## PROBLEM STATEMENT
With the pictures left out, write out exactly the lines of the listing below that run from the line with "Congratulations on getting" through the line with "Our human body".

EXERCISE DATA START

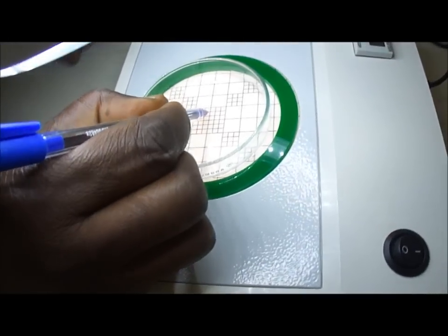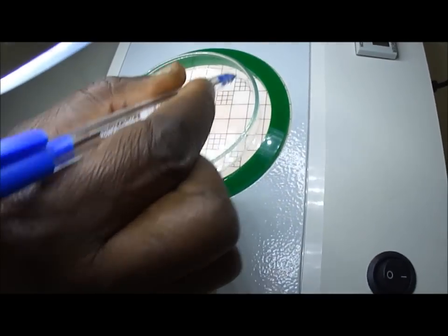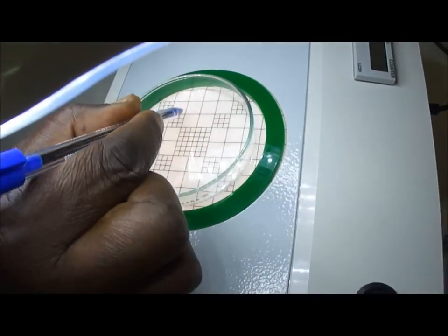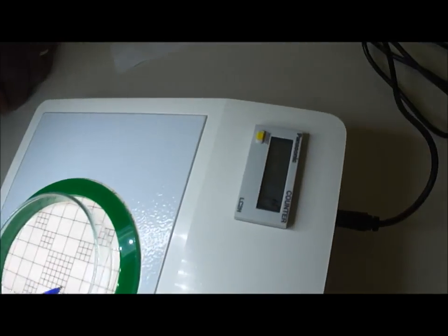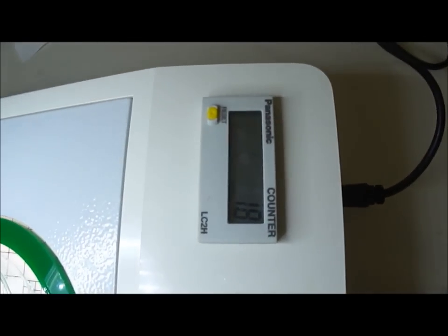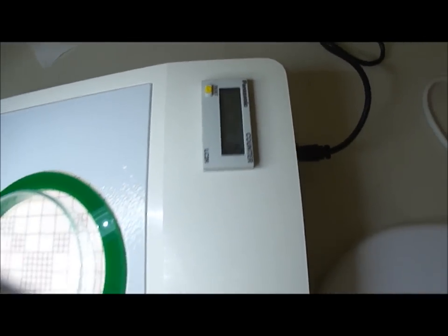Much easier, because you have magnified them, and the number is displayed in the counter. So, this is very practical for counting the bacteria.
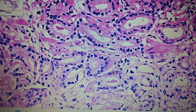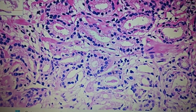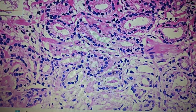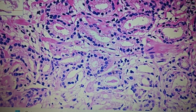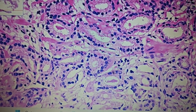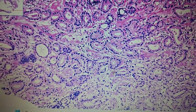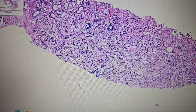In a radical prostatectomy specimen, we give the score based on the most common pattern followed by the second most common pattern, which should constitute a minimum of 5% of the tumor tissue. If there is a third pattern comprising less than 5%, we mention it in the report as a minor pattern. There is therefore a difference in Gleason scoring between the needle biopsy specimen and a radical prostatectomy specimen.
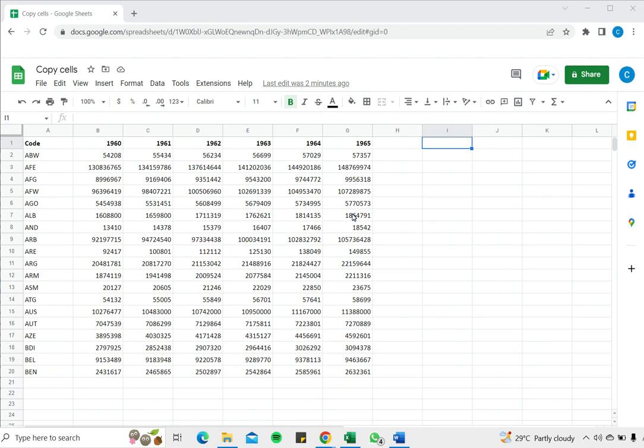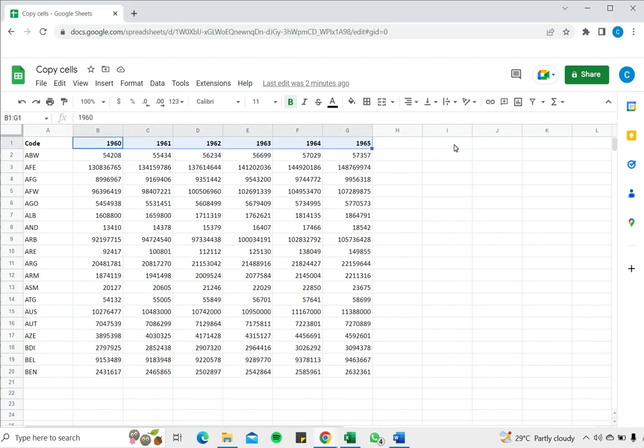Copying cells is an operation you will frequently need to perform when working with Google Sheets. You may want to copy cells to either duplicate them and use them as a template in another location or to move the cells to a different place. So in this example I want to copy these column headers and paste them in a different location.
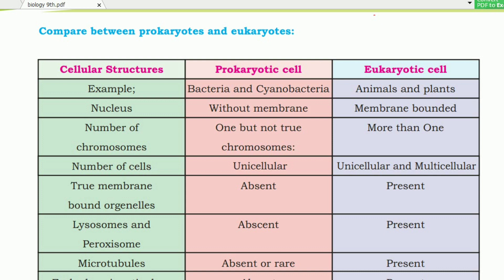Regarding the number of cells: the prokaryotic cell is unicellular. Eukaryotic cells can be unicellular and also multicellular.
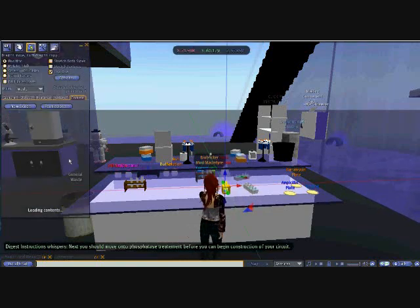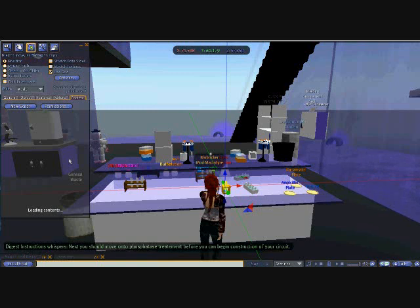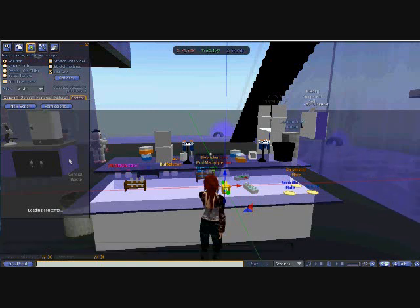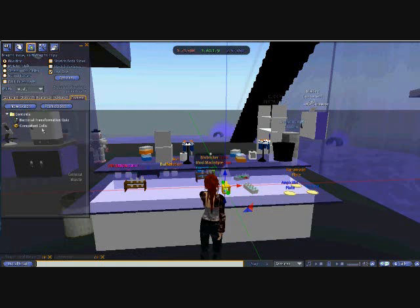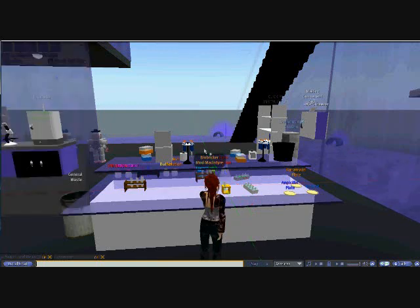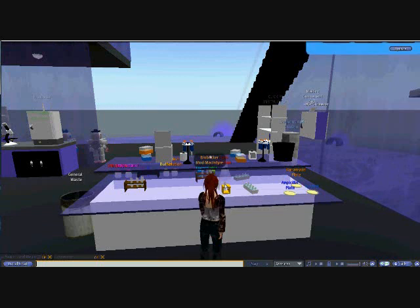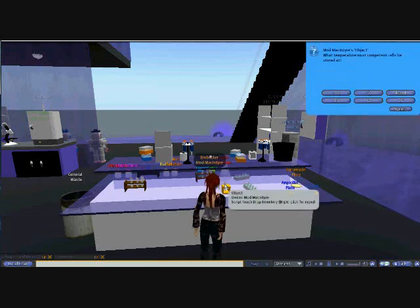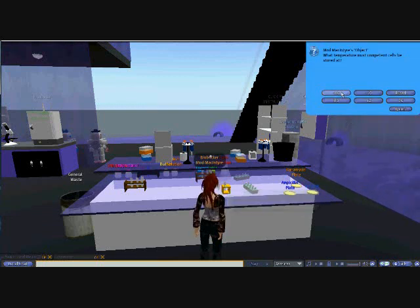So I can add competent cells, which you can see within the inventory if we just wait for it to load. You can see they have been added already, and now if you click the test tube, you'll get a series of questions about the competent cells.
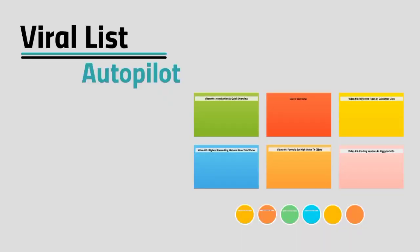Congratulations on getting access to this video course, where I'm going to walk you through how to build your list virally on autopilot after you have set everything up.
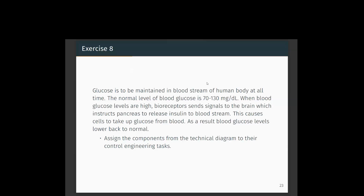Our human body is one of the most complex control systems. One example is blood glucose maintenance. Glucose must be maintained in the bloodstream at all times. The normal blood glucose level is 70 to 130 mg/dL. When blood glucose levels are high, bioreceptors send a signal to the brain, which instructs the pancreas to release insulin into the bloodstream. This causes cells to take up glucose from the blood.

EXERCISE DATA END
EXERCISE DATA START

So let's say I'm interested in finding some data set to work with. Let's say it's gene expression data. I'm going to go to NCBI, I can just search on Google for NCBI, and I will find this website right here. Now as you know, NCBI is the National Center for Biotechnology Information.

EXERCISE DATA END

## EXERCISE SOLUTION
Congratulations on getting access to this video course, where I'm going to walk you through how to build your list virally on autopilot after you have set everything up.
Our human body is one of the most complex control systems. One example is blood glucose maintenance. Glucose must be maintained in the bloodstream at all times. The normal blood glucose level is 70 to 130 mg/dL. When blood glucose levels are high, bioreceptors send a signal to the brain, which instructs the pancreas to release insulin into the bloodstream. This causes cells to take up glucose from the blood.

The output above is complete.